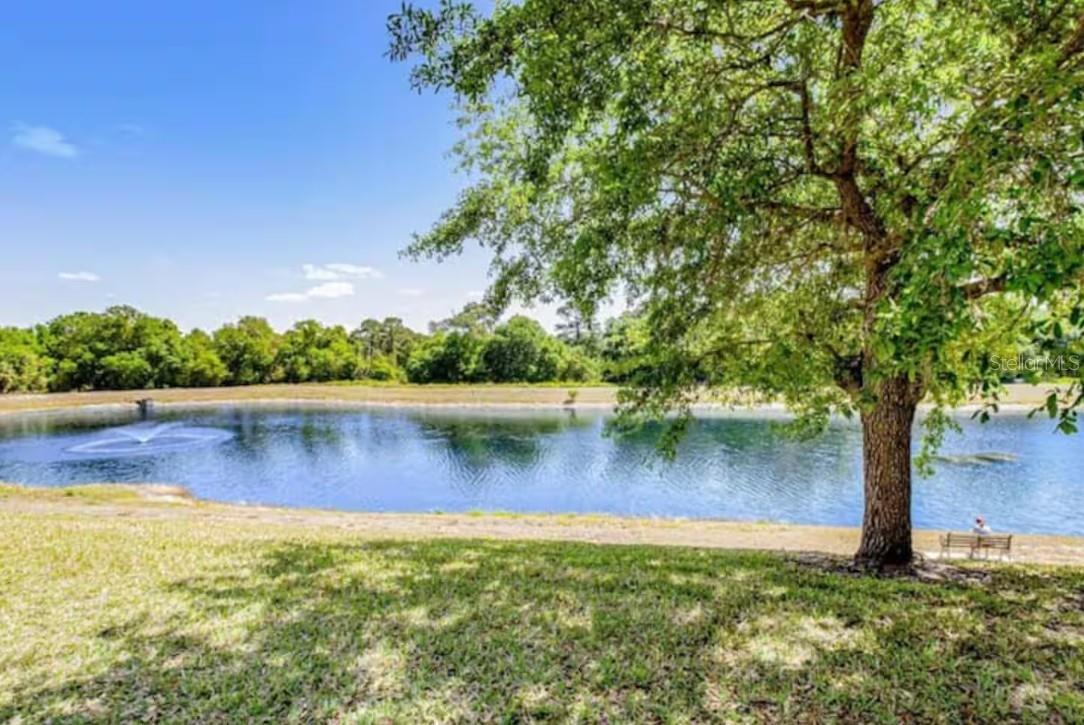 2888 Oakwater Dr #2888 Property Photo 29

********

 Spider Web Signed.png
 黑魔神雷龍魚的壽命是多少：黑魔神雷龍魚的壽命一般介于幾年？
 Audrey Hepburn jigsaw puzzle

********

• **EXERCISE GOAL**: Above this instruction are the records; retype exactly the lines from the one containing "黑魔神雷龍魚的壽命是多少：黑魔神雷龍魚的壽命一般介于幾年？" up to and including the one containing "Audrey Hepburn jigsaw puzzle".

• **THE ANSWER**:
 黑魔神雷龍魚的壽命是多少：黑魔神雷龍魚的壽命一般介于幾年？
 Audrey Hepburn jigsaw puzzle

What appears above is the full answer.